The SES model chose \(\alpha\) values that weighted older values more than the Holt models did; more so for Hardcover books.

Holt’s method chose extremely small \(\alpha\) values as well as similarly small \(\beta^*\) values.

In fact, the Holt method isn’t that far from a simple regression line:

linear <- rowid_to_column(as.data.frame(books)) %>%
  {lm(Paperback ~ rowid, data=.)}

linear.pred <- predict(linear,newdata = tibble(rowid = seq(1:34)))

autoplot(books[,"Paperback"], series = "Original Data") +
  autolayer(paperback.holt$fitted, series="Smoothed (Holt)") +
  autolayer(paperback.holt, series="Smoothed (Holt)") +
  autolayer(ts(linear.pred), series="Linear") +
  scale_color_manual(name="",
                     values=c("Original Data"="grey25",
                              "Smoothed (Holt)"="darkred",
                              "Linear"="darkgreen"),
                     breaks=c("Original Data","Smoothed (Holt)",
                              "Linear")) +
  labs(title="Daily Sales of Paperback Books", y="# Books", x="Day")

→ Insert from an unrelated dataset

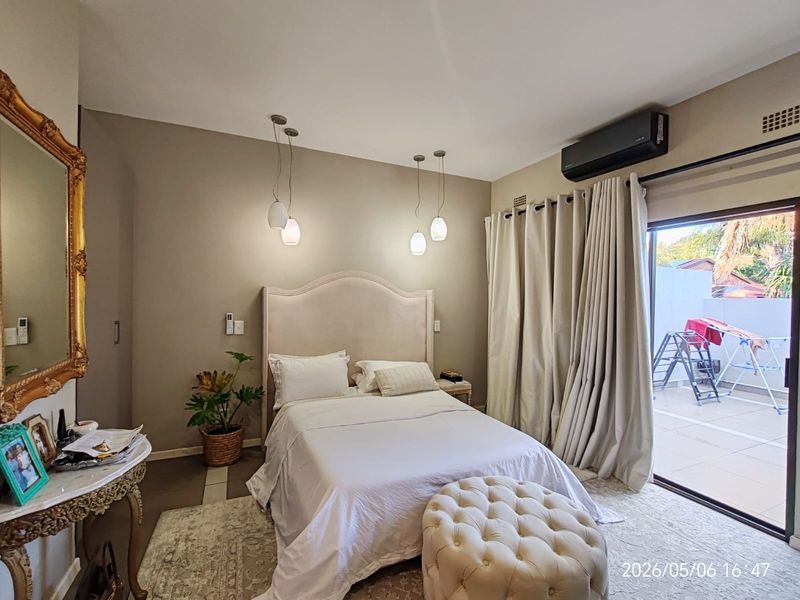 A well-maintained bedroom featuring pendant lighting, a split-system air conditioner, and direct access to an outdoor patio through a sliding glass door.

c) Compare the forecasts for the two series using both methods. Which do you think is best?

Comparing the two methods, I would prefer Holt’s method to SES. Not only does Holt’s produce a smaller RMSE (albeit only slightly), but the prediction continues the apparent upward trend, whereas the SES predicts a flatter value. Neither one, to me, appears all that good though, as they have very large prediction intervals.

d) Calculate a 95% prediction interval for the first forecast for each series, using the RMSE values and assuming normal errors. Compare your intervals with those produced using ses and holt.

Using the formula \(\hat{y}_{T+h|T}=1.96\hat{\sigma_h}\), we compute the following intervals for the first prediction:

# Get Std. Deviations
sigmas <- list("SES Paperback" = sd(paperback$residuals))
sigmas[["SES Hardcover"]] <- sd(hardcover$residuals)
sigmas[["Holt Paperback"]] <- sd(paperback.holt$residuals)
sigmas[["Holt Hardcover"]] <- sd(hardcover.holt$residuals)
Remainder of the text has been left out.